Report shows that of those with medical debt, 73% owe some or all to hospitals
A report from the Urban Institute and the Robert Wood Johnson Foundation found that much of the nation’s past-due medical debt is owed to hospitals. According to the report, more than 15% of nonelderly adults in the United States reported past-due medical debt, with 73% owing some or all of that to hospitals.
Among adults who report owing past-due medical debt, 27.9% said they owe all of it to hospitals, while 45.1% own their debt to hospitals and other providers. As for the size of the debt, most adults with past-due medical debt owed at least $1,000, and more than one in five owed at least $5,000. Adults with past-due hospital bills were more likely to have much higher total amounts of medical debt than those with only debt from non-hospital providers, according to the study.
The majority of adults – 60.9% - with past-due hospital bills reported they have been contacted by a collection agency, and individuals with past-due hospital bills with income below 250% of the federal poverty level were no more likely to avoid being referred to collection or receive discounted care when compared to high-income earners, according to the report.
“These findings highlight the persistent challenge of medical debt in America, and the role of hospitals as a key source of that debt,” said Michael Karpman, Urban Institute principal research associate, in a statement. “Understanding the experiences of people with past-due medical bills can inform discussions around new consumer protections to alleviate debt burdens.”

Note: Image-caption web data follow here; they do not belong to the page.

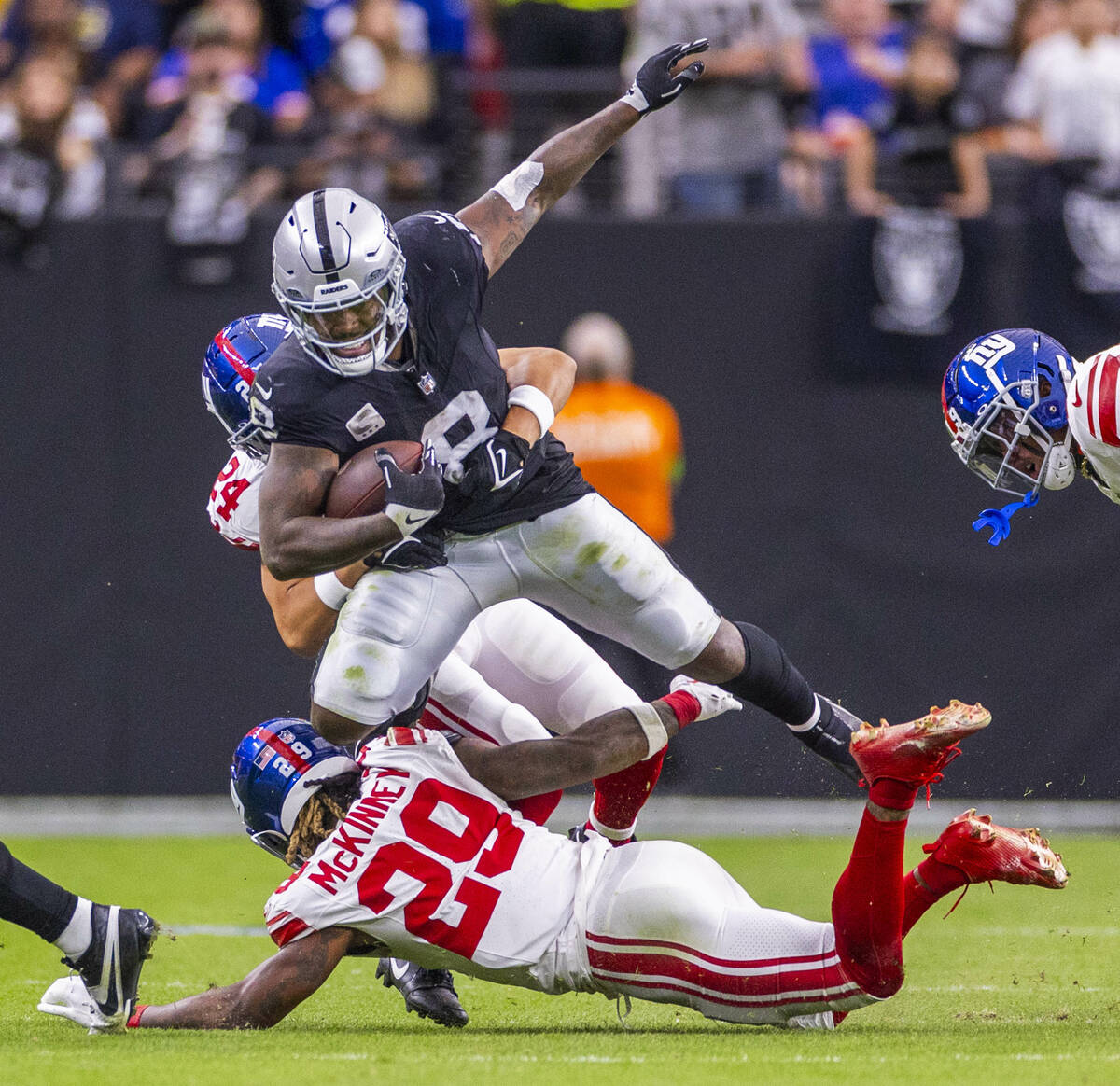 Raiders running back Josh Jacobs (8) is grabbed by New York Giants safety Dane Belton (24) whil ...
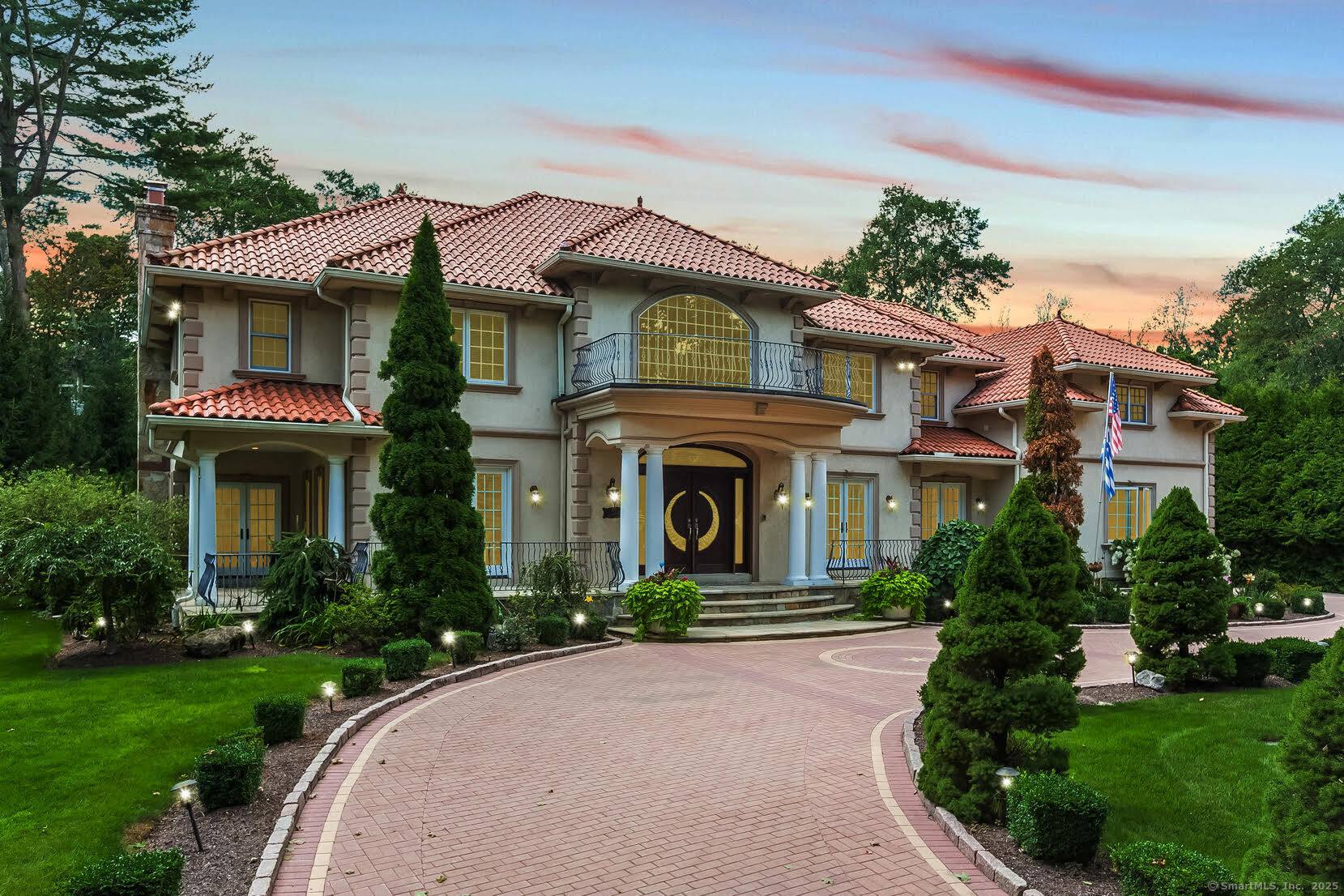 This stunning architectural masterpiece, nestled in the prestigious Silvermine neighborhood, offers nearly 8, 000 square feet of unparalleled luxury.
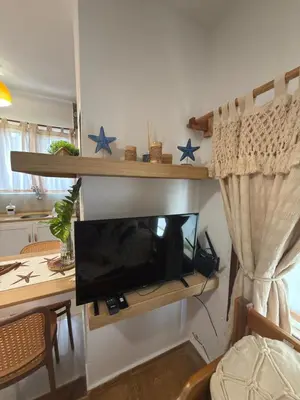 Uma televisão e/ou sistema de entretenimento em Apê Charm Jeri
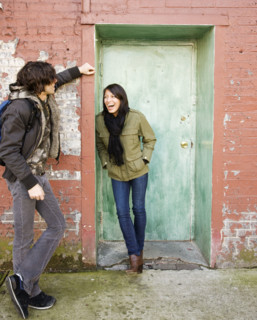 Couple talking in urban doorway. Date : 2008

“High rates of medical debt underscore the challenges millions of families and adults—especially families and adults struggling to make ends meet—face trying to pay their medical bills,” said Gina R. Hijjawi, senior program officer at the Robert Wood Johnson Foundation, in a statement. “We see that individuals with disabilities, and Black and Latino adults are disproportionately represented among adults carrying past-due medical debt. Consumers need standards in place that protect them from undue medical debt and help them obtain affordable care.”

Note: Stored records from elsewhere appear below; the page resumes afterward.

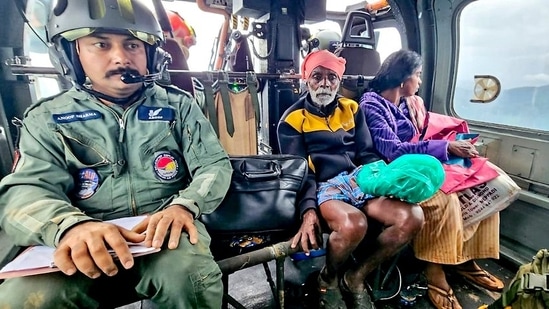 The Indian Army personnel rescue stranded people and carry them to safer places on helicopters during a search and rescue operation following a devastating landslide that hit hilly villages triggered by heavy rainfall. (ANI Photo) (PRO Defence Trivandrum-X)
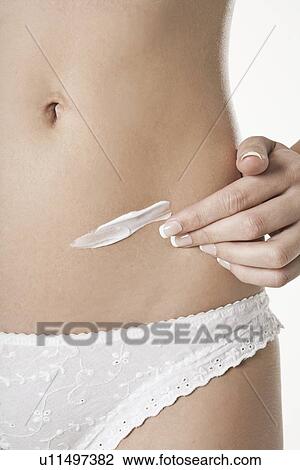 Stock Image - Woman rubbing lotion on belly. Fotosearch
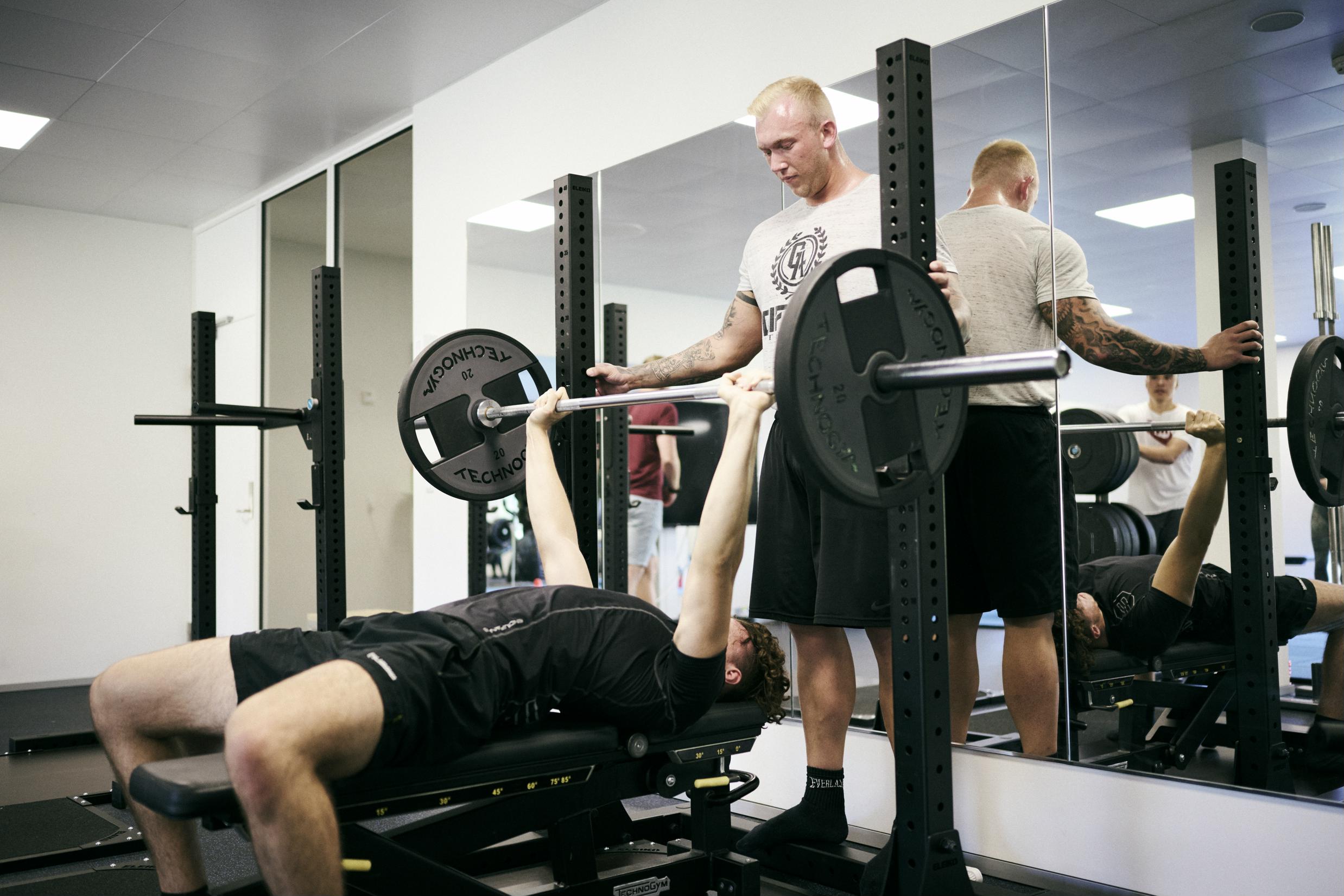Eleverne på Fitness- og træneruddannelsen skal blandt andet coache hinanden, og her er det 2 elever coacher og træner vægtløftning..
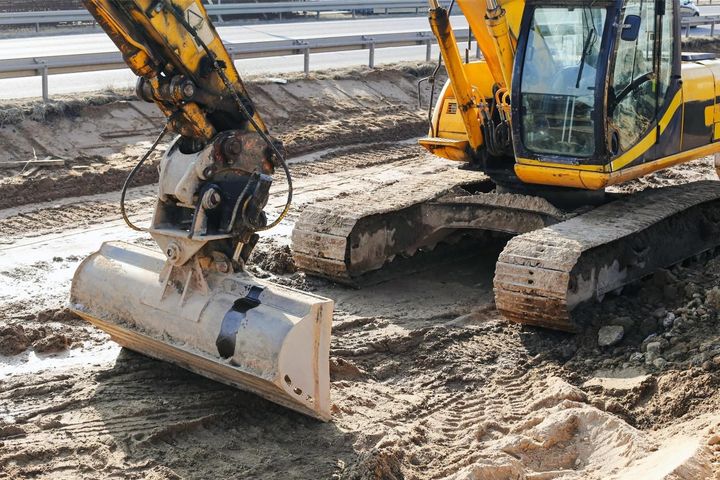 Yellow excavator with bucket on a muddy construction site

The study was based on analysis of data from the June 2022 round of the Urban Institute’s Health Reform Monitoring Survey, a nationally representative survey of adults ages 18 to 64.
According to the researchers, medical debt disproportionately affects underserved populations, such as individuals with incomes below 250% of the federal poverty level. Current federal regulation of hospital payment assistance and debt collection practices stipulate that nonprofit hospitals—which account for nearly 60% of U.S. hospitals—must provide charity care and other community benefits to maintain tax-exempt status. However, these hospitals determine their own charity care eligibility criteria, and financial assistance policies are often difficult to find and understand. Additionally, for-profit hospitals are exempt from these consumer protections.